> _What you should do_:
Exactly reproduce the line containing "Hyundai Tucson 1.7" and all later lines to the end of the entries, leaving the pictures out of your copy.

[Provided records — start]

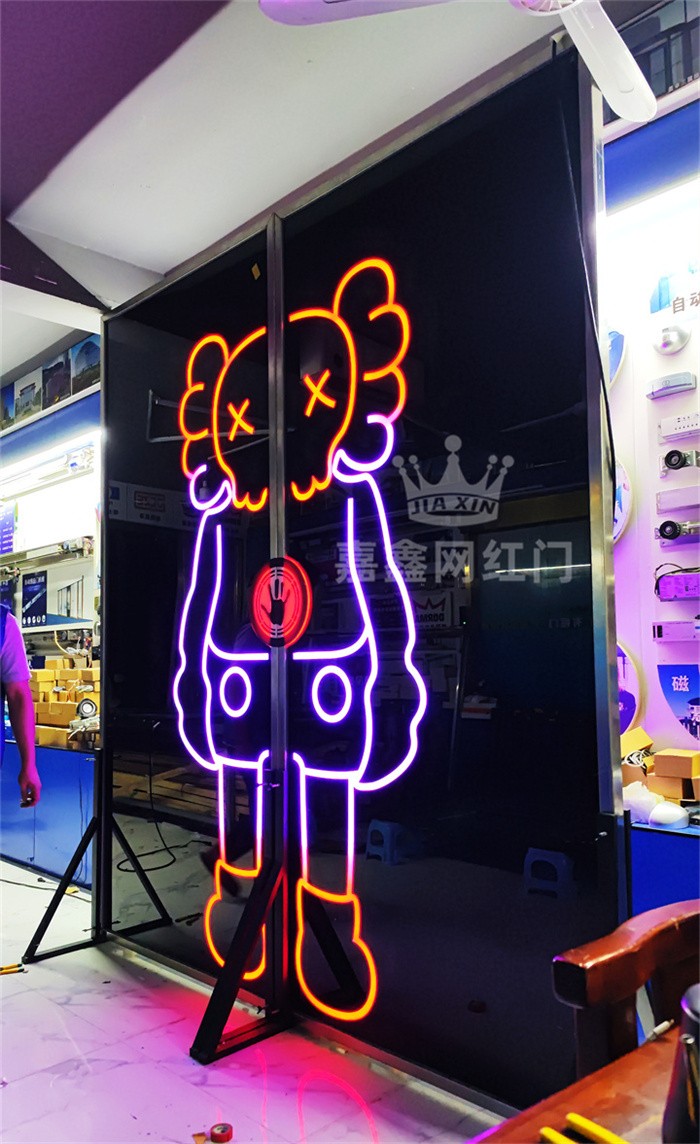 发光自动门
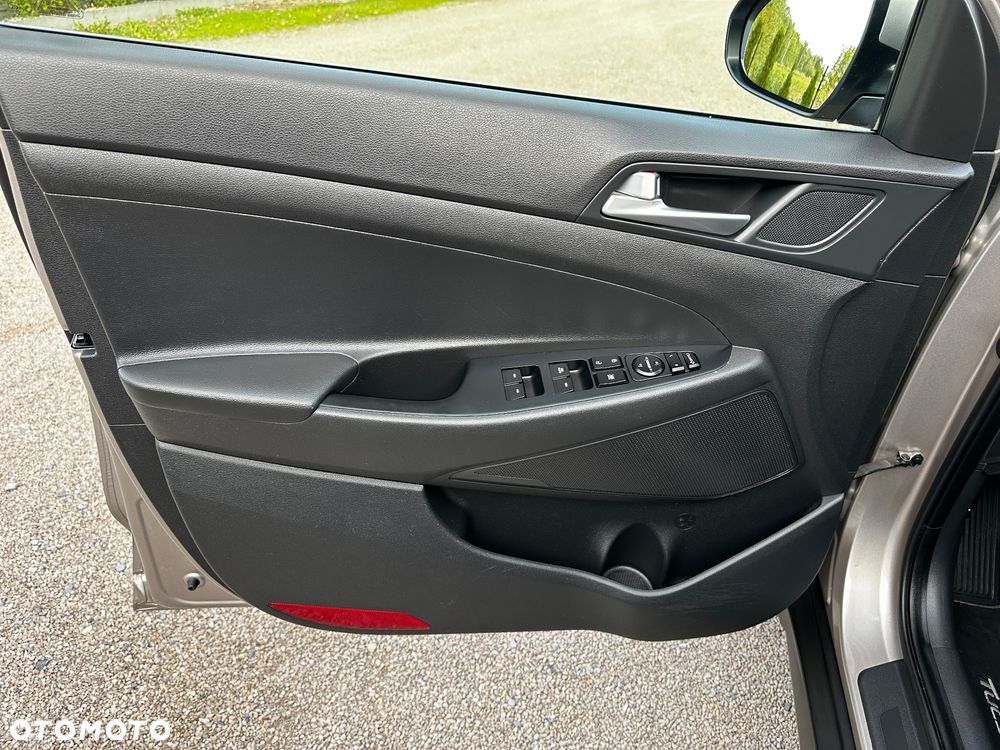 Hyundai Tucson 1.7 CRDI BlueDrive Premium 2WD DCT - 24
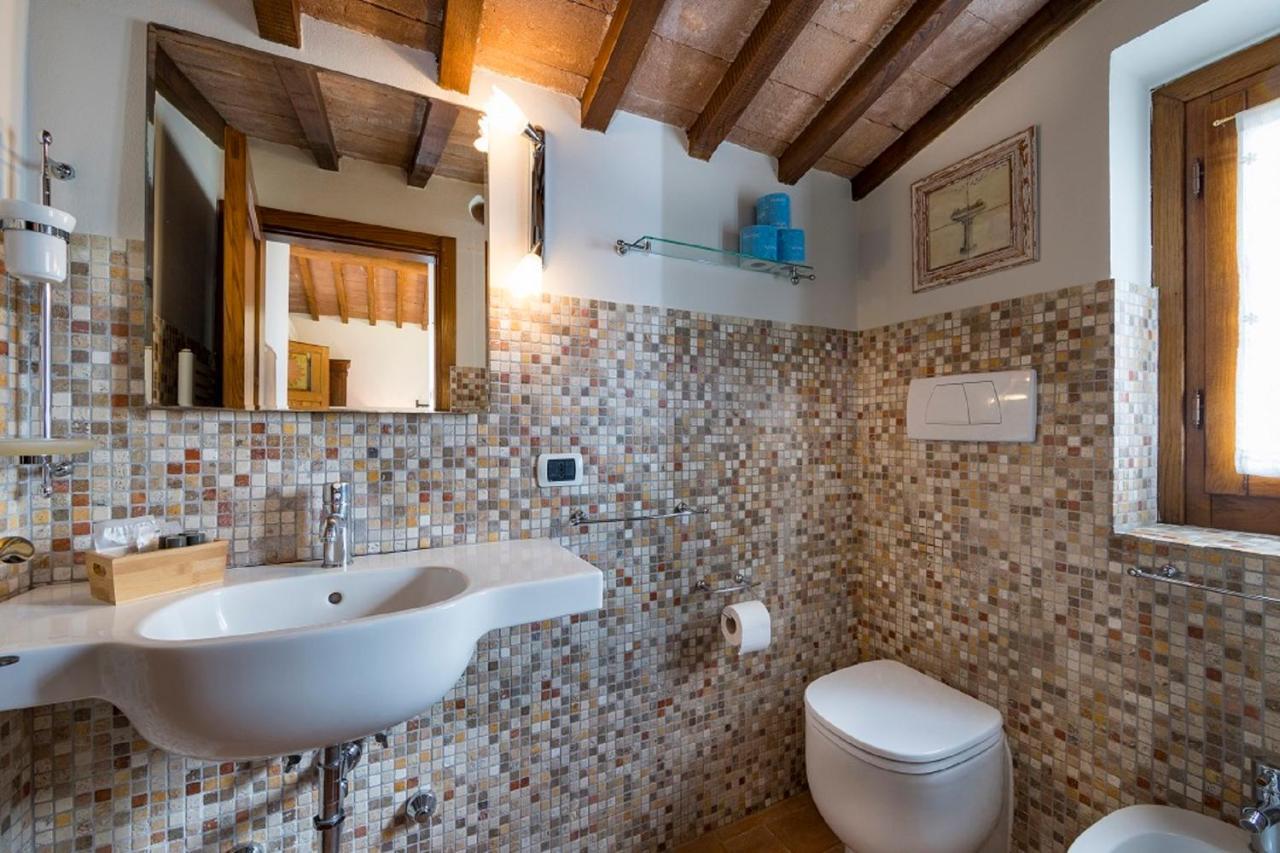 Agriturismo Podere L'Aione Скансано Экстерьер фото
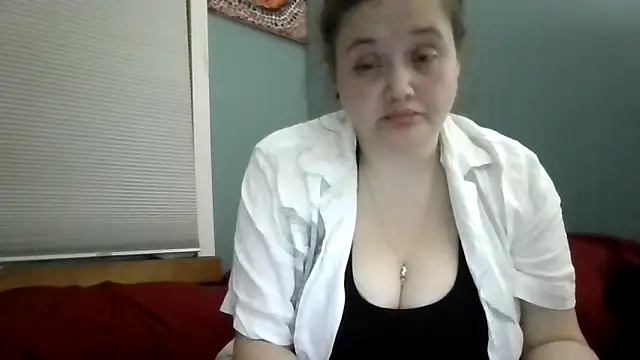 highimmaryjane online show from March 4, 2026, 8:33 am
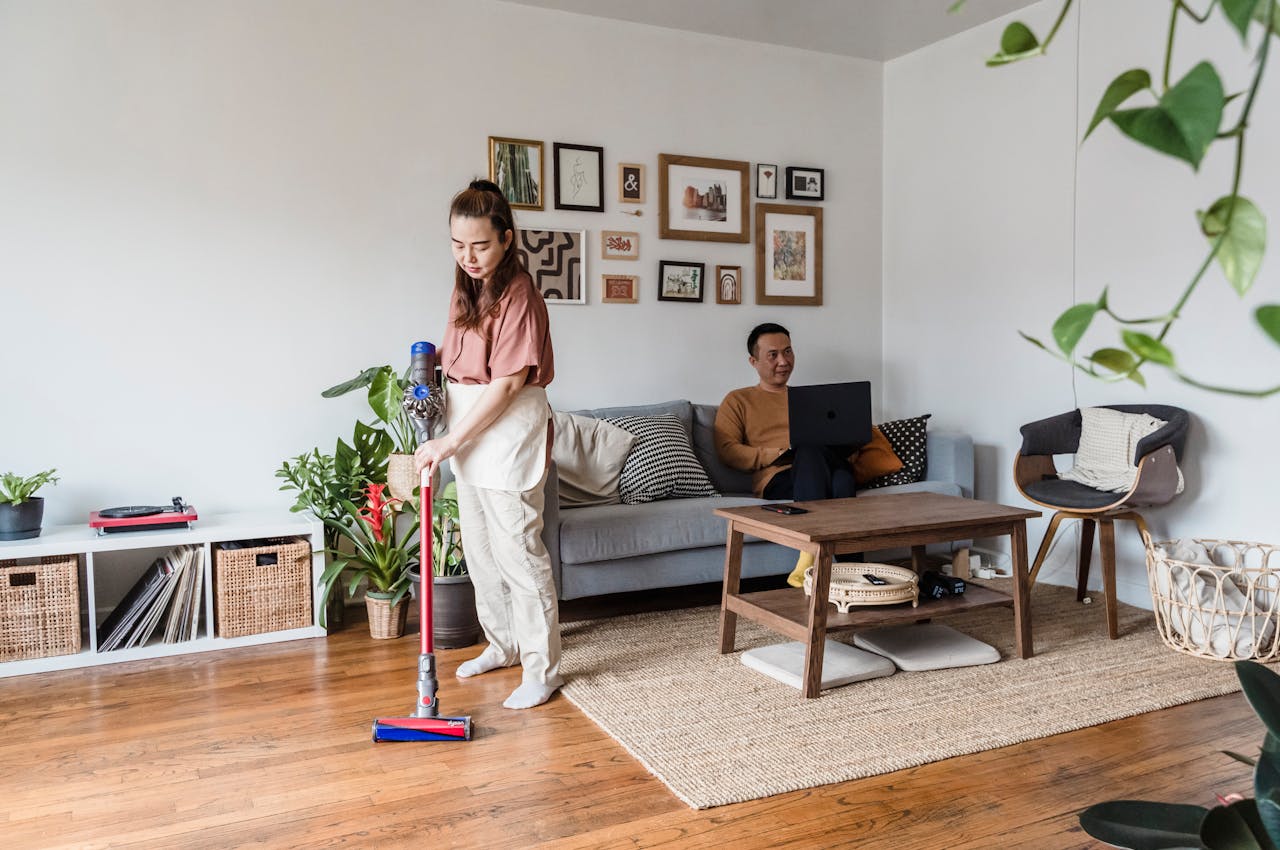 Dyson’s New Augmented Reality Feature Maps Where You’ve Vacuumed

[Provided records — finish]

> _Written answer_:
 Hyundai Tucson 1.7 CRDI BlueDrive Premium 2WD DCT - 24
 Agriturismo Podere L'Aione Скансано Экстерьер фото
 highimmaryjane online show from March 4, 2026, 8:33 am
 Dyson’s New Augmented Reality Feature Maps Where You’ve Vacuumed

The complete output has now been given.